Sunday, May 27, 2012

some days

we wake up exhausted from all the playing. and by we, i mean the adorable three.

some days, i have big plans for the fam.

inolving outings, and acitivities, and travel (like to the northside of holland)

and some days, the babes just want to stay at home and play.

because some days, teaching your sis to dance is way more important than fishing.
the technique can really be quite comlicated.



and some days, carefully watching bayside concrete pour some cement is way more enthralling than a trip to the beach.
especially when you as good of spectators as my children.

we bring our own chairs, and pets.
we take observing seriously around here.


and some days,
you just want to slip
and slide
in your own backyard. 



love that grandiose happenings are not the only way to enjoy the day.
that sometimes the best that life has to offer is right there in front of us.

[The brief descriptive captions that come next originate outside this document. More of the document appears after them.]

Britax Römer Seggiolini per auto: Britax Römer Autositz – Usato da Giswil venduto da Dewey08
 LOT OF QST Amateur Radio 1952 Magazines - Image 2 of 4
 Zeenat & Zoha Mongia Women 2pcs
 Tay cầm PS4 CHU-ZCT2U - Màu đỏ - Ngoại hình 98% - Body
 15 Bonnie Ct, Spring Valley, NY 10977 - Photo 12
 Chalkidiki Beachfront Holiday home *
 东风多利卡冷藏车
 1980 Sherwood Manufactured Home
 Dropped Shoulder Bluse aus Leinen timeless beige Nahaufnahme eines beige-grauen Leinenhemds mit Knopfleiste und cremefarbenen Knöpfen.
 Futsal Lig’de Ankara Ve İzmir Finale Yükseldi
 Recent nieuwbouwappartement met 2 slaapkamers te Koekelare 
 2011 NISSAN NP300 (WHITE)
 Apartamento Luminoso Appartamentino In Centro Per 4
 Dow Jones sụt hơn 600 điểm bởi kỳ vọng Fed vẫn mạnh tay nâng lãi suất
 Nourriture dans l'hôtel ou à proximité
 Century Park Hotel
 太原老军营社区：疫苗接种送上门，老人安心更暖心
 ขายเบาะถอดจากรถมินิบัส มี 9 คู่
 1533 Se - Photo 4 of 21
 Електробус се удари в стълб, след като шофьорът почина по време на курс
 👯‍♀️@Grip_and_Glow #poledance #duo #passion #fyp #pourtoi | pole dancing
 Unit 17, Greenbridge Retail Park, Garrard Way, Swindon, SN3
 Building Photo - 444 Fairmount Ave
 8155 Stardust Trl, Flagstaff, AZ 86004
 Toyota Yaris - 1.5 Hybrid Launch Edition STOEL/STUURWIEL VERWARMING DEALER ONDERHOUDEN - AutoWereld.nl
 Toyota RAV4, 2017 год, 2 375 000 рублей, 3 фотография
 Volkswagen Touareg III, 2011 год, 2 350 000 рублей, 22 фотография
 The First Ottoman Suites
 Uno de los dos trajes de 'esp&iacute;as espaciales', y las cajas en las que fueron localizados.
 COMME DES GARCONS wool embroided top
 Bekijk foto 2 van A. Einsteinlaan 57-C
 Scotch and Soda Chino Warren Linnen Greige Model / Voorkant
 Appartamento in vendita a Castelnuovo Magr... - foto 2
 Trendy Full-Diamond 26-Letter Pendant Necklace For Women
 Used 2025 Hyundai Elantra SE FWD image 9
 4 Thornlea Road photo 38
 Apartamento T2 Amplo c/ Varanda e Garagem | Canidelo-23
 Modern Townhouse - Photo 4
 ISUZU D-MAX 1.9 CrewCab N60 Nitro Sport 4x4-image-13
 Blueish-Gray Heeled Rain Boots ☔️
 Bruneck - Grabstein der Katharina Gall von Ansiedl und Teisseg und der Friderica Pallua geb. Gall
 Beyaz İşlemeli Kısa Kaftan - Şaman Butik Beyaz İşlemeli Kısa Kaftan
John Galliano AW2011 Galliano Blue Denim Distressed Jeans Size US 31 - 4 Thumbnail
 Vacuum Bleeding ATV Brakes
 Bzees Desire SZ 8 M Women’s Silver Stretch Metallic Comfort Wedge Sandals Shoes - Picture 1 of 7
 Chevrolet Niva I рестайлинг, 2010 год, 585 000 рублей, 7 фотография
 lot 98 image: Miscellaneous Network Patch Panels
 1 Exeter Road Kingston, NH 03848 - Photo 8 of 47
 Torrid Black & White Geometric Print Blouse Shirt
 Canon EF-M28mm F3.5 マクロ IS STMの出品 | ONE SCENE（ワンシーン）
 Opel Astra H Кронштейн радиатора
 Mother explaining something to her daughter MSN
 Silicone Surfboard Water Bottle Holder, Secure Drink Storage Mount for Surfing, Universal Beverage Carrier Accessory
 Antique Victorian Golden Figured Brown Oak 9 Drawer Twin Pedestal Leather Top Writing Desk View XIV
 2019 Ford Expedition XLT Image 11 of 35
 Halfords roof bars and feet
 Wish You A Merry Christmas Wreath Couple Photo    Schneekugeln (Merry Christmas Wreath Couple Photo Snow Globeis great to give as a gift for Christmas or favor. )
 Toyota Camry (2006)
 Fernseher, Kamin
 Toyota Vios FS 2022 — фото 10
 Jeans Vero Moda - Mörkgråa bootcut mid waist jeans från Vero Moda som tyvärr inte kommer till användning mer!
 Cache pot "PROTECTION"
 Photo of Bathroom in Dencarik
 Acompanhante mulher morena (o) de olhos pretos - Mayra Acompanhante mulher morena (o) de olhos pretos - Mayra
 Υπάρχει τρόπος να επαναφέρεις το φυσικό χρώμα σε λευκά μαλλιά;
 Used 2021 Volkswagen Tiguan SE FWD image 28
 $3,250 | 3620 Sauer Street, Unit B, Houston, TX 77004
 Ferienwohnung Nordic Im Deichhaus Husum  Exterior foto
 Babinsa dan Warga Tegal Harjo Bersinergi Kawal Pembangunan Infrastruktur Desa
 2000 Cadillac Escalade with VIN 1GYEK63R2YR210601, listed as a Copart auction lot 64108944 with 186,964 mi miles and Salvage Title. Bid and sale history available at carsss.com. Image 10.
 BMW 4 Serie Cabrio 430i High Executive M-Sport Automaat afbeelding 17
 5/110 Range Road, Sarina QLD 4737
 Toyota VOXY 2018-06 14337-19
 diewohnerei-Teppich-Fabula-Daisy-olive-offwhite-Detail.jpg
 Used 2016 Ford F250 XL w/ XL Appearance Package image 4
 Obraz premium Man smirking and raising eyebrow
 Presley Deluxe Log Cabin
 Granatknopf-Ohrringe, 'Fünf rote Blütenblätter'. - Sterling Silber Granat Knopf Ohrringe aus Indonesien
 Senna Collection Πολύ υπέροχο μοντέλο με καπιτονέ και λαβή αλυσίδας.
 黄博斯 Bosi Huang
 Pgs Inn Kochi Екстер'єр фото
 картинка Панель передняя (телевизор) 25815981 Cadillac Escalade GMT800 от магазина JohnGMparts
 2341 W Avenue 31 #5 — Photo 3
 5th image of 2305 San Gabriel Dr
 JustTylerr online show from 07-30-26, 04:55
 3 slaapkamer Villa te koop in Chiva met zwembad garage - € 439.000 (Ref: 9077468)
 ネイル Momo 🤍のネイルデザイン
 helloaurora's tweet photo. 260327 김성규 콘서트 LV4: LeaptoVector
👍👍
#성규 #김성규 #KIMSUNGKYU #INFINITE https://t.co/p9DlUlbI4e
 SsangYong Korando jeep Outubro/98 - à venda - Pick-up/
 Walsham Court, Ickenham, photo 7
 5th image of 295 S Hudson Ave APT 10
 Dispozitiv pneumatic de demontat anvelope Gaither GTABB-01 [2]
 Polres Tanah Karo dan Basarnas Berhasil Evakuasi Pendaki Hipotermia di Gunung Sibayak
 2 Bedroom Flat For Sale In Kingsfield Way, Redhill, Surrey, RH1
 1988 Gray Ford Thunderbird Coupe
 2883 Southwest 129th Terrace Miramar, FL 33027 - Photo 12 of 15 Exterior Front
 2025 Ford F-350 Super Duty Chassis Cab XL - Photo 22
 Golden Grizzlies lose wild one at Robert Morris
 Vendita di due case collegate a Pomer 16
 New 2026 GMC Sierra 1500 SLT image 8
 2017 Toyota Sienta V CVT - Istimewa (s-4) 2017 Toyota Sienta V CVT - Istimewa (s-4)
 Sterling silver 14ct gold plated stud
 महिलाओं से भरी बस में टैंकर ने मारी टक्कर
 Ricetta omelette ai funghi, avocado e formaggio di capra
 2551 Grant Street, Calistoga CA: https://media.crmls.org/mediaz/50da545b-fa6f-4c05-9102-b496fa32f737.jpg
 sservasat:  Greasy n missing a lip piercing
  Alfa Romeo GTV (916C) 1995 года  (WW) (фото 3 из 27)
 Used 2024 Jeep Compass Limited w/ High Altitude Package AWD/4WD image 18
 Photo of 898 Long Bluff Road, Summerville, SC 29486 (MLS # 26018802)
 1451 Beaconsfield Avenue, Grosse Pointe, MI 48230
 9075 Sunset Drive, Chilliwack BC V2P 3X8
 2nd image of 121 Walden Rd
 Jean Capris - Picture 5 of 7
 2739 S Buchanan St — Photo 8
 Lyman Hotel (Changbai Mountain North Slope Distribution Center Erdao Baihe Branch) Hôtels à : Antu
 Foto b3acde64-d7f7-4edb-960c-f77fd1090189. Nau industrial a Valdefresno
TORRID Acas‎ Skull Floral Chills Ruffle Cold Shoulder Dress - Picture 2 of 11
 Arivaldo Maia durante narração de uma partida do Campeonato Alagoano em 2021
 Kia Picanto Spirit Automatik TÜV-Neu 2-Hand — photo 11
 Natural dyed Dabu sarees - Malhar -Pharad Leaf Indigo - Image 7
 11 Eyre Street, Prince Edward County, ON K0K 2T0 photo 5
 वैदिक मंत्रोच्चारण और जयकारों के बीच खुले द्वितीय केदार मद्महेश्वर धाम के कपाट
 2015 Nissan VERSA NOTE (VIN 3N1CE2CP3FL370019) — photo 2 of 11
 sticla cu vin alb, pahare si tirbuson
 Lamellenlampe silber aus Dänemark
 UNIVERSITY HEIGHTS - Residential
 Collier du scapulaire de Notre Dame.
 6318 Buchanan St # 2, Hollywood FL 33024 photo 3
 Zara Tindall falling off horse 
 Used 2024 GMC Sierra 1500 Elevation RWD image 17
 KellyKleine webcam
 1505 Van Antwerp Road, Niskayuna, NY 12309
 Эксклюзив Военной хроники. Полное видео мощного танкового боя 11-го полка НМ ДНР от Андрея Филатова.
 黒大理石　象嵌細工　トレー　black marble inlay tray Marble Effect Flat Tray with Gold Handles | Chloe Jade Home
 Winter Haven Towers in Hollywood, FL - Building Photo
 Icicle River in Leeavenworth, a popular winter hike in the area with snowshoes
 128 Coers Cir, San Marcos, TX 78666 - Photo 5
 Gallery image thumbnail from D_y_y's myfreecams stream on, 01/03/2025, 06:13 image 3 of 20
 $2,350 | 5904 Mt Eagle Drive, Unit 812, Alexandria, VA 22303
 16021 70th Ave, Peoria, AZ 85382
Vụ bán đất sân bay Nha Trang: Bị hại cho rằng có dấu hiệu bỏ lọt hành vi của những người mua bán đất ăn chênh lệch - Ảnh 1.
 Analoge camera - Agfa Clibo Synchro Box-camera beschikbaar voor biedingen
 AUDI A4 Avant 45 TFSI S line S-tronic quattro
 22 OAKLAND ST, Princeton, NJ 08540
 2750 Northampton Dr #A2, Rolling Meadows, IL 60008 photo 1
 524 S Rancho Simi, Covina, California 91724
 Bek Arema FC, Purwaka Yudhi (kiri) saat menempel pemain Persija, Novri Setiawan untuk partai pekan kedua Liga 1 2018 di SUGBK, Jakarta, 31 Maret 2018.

just waiting for some day when we acknowledge the beauty and joy.

Thursday, May 24, 2012

summer vacation

somehow, my sweet little hesitant boy embarking on his educational journey last fall

became this boy, graduate of preschool.  confident in his abilities.  comfortable around teachers and new students alike.  counter, writer of letters and numbers, artist extrodinaire (by my own severely lacking abilities) and now kindergartener.

it has been such a joy to watch you grow and mature in your social and educational undertakings this year max!!

i got to be at school with him for his last day, and i was so blessed by the opportunity!  maxer in his school context is different than maxer at home.  with his fam, max is leader of the pack of kids, the oldest and most experienced and knowledgable. at school he is content to quietly play and learn, very obedient, very hardworking and proud of his accomplishments.

we walked to get ice cream as a class.  it was a beautiful morning and i adored being at my son's side.

and now, we are marinating in vacation.  no agendas other than what we plan, no waking up babies from naps to get maxer from school and no interruption in our fam time other than the occasional day/night of work for mom and the every day work schedule for brad.  love it.  yesterday was the first day we would have had school.  so far i have been asked approximately 798 times who was coming over today or whose house we were going to.  the child likes his friends.

thankfully, i am able to distract max and his sibs with other activities rather than stalk his classmates.  this morning we enjoyed our breakfast on the porch, soaking in this beautiful summertime air while consuming poptarts to our hearts content.  and then we had a second breakfast of english muffins and cake batter.  i like to keep things very well rounded here.  obviously.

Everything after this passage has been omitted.